Une en matinée, la suivante à midi et la dernière en soirée. La Chaîne Arabe
avait une couverture plus étendue tandis que la seconde n’était destinée qu’à
sa cible, la Kabylie avec ses nombreuses zones d’ombre et l’Algérois.
Auparavant, il y avait un service radio dépendant de l’Administration des PTT
qui avait commencé à émettre en 1927 à partir de l'ex-rue Charras,
l’actuelle Arezki Hamani, et ne couvrait alors que le
grand algérois.
Ces deux chaînes
étaient réunies en une structure appelée ‘’Émissions en Langues Arabe et
Kabyle. Après la concrétisation de son projet de faisabilité, la direction des
ELAK avait été confiée à Si Saïd Rezzouk qui fut
administrateur de 1ère catégorie détaché de l'administration suscitée et ce,
jusqu’à l’été 1962 (1). L’une et l'autre avaient pour missions d’assurer la
confection des bulletins et journaux parlés, la production des émissions en ses
principaux genres (2) ainsi que des unités administratives. Les services
techniques de production, de diffusion et d’émission ainsi que les services
administratifs et financiers étaient communs aux trois chaînes. C’était alors
la RTF en Algérie sous contrôle du Gouvernement Général (GG), qui deviendra en
1958 la Direction de la RTF en Algérie puis Délégation de la RTF en Algérie à
la faveur de la période transitoire des pourparlers entre le GPRA et la France.
Ces chaînes avaient
un potentiel extraordinaire de compétences tant au niveau de l’encadrement, de
l’information que de la production, lesquelles rivalisaient largement avec
celles de la Chaîne Française.
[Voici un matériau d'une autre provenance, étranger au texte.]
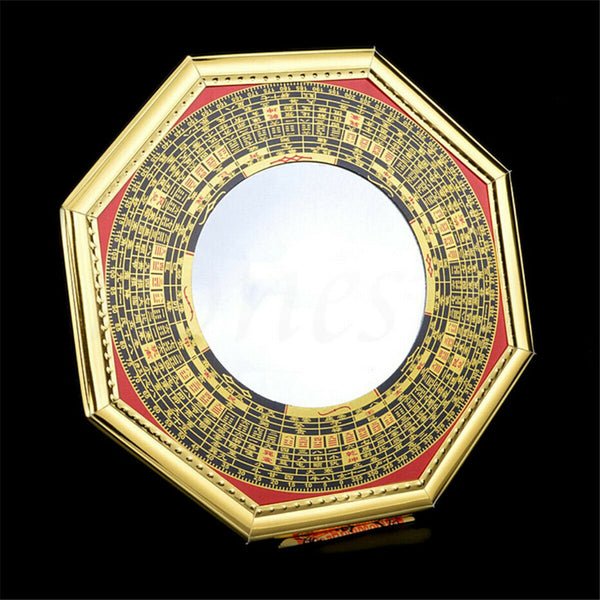Celestial Guardian: Traditional Mahogany Bagua Mirror for Home Protection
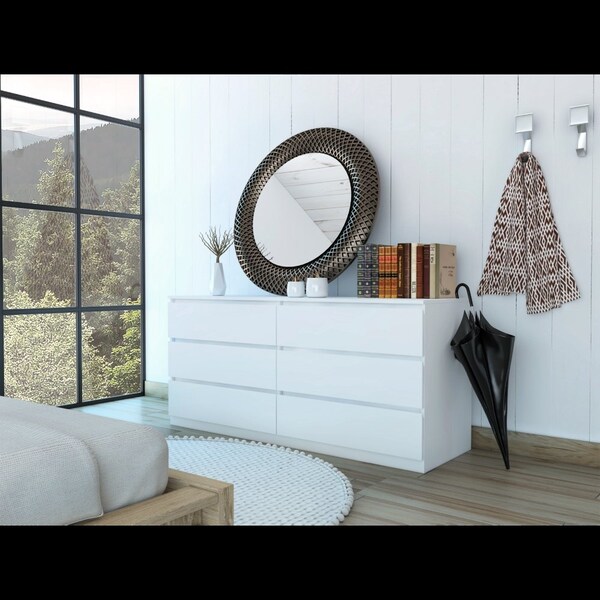Tuhome Asteria 6 Drawer Double Dresser, Metal Handles, White - CLB5955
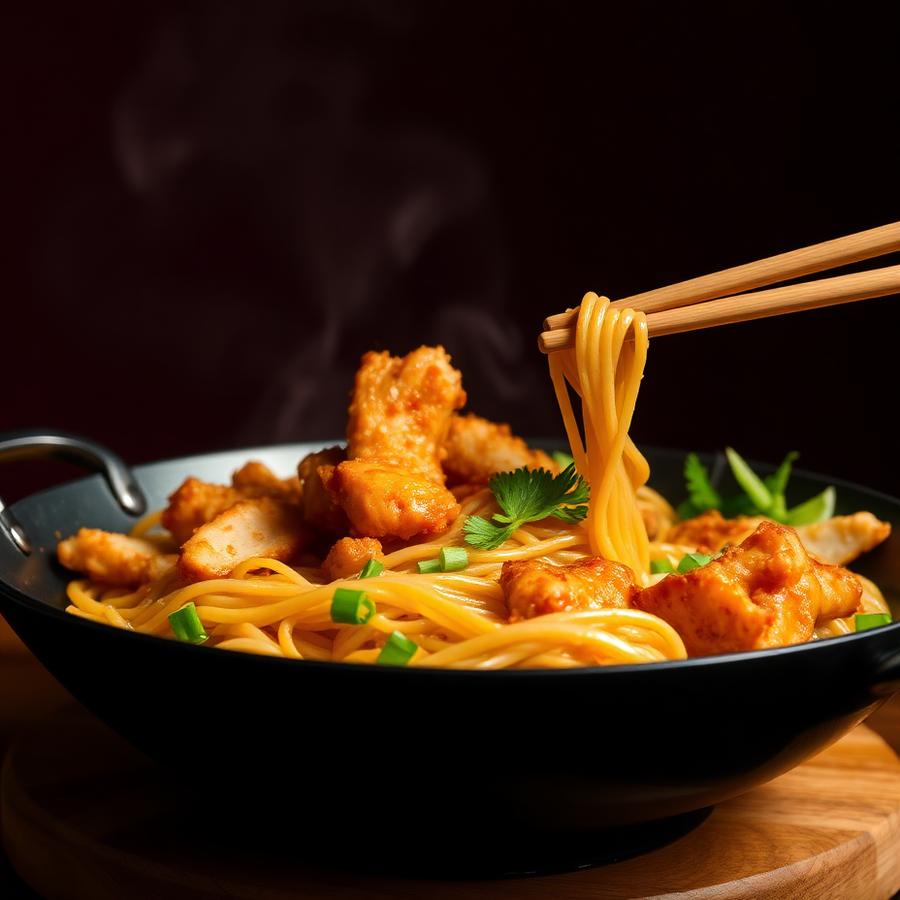Makaron smażony z kurczakiem — Bambu Orient Bar Orientalny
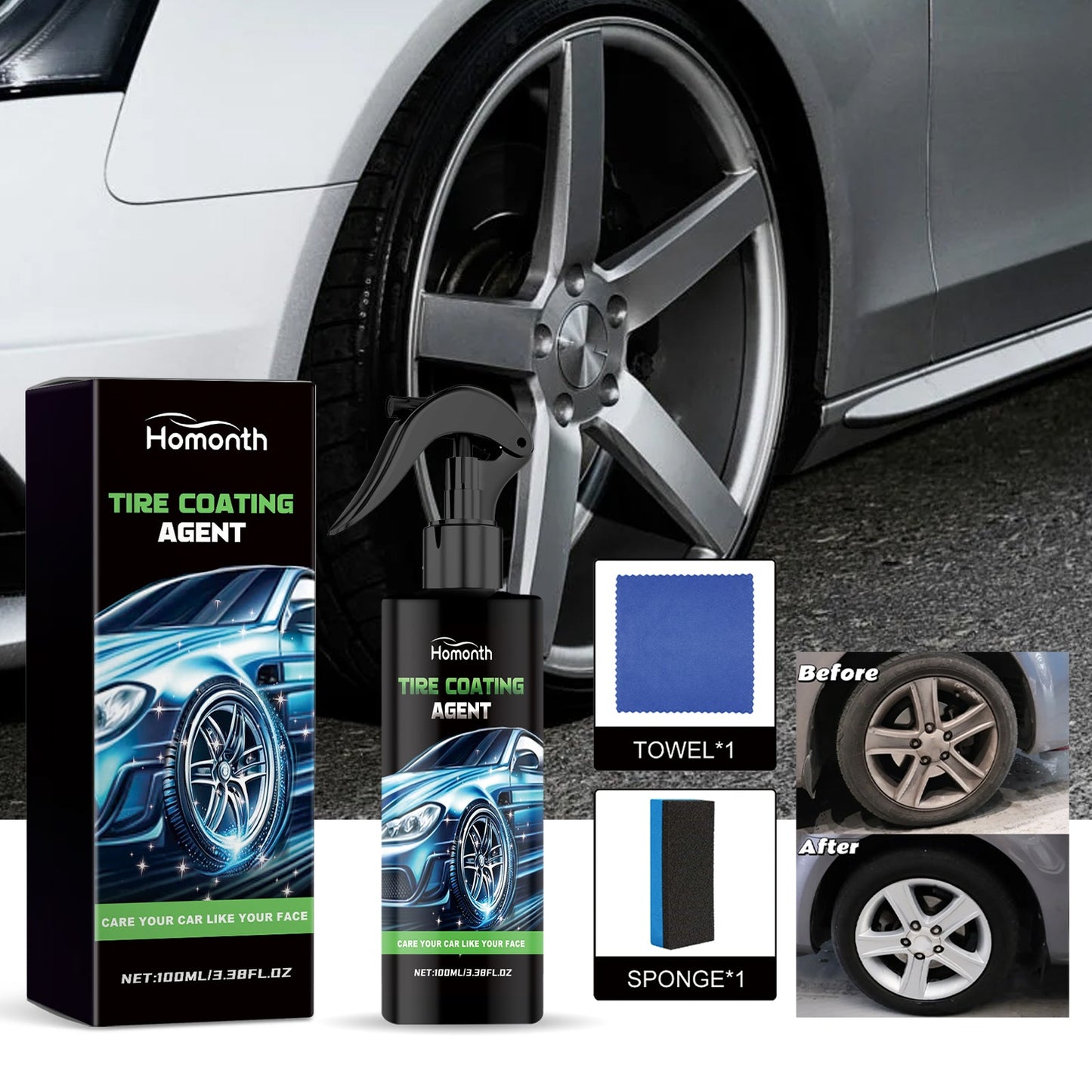 Tire Coating Agent, Automobile Tire Clean Decontamination Anti Aging Renovate Polishing Agent - Korvel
Son directeur était un trilingue (arabe,
français et kabyle) ayant fait de bonnes études qu’il avait affinées au contact
de l'avocat et interprète judiciaire Maitre HAMIMI Slimane, universitaire de
formation et Médersien au début du siècle dernier, et
qui avait déjà en son étude d'Akbou pour un temps, Si
Abderrahmane Farès, le futur président de l'Exécutif Provisoire.
Bien que la Chaîne
Arabe ait été un bassin de compétences dans tous les domaines en qualité et en
nombre, dont le plus distingué, de son état producteur, fut un agrégé titulaire
de la chaire d’Histoire à l’Université d’Alger, la Chaine Kabyle avait eu aussi
ses ténors en les personnes entre autres de Si L'Hocine Ouarab,
normalien et condisciple de Mouloud Féraoun, Si
Mohamed Lamrani, proviseur du Lycée franco-musulman, Si Larbi Bessaï, rédacteur en chef, Mr Ahmed Mahiou,
un ancien professeur de maths, (à ne pas confondre avec l’ancien doyen de la
Faculté de droit d’Alger), l’écrivain et poète Malek Ouary,
le réalisateur Abder Isker,
Jean Mohamed Lounas, Mme Lafarge dite Lla Tassa3dith, Mokrane Agawa du studio de Vgayeth
(Bejaïa), … et l’incontournable cheville ouvrière que fut Cheikh Noureddine
sans qui cette Chaîne n'aurait pas été ce qu’elle fut et est devenue ensuite
après la libération.
Au niveau des
programmes, il y avait tous les genres et les formations artistiques qui s'y
rattachaient.
- Une troupe
théâtrale animée par les Hilmi, Ali Abdoun, Amar Ouyacoub, Amar Ouhada, Arezki Nabti, Khalti A3douda (Cheikh
Noureddine), Kadri Seghir, Djamila Bachène par ailleurs interprète...
- Un orchestre dirigé
par Cheikh Noureddine et parfois Haroun Rachid ou Amari
Maamar avec des voix féminines (Lla
Cherifa, Kamal Hamadi, H’nifa, Bahia Farah, Louisa, Djamila,..) et masculines (Bouizguarène,
Karim Tahar, Taleb Rabah, Akli Yahiatène, Hami Chérif,
…
- La grande émission
enfantine animée par Mme Lafarge avec son équipe notamment Zoheir
Abdellatif, Madjid Bali, Abderrahmane Hacène L'Hadj
et sa sœur Djamila, l'épouse du réalisateur Malek Bouguermouh
lui-même étant issu de la dite Chaîne, El Djida Thamchtouhth, Anissa Mezaguer …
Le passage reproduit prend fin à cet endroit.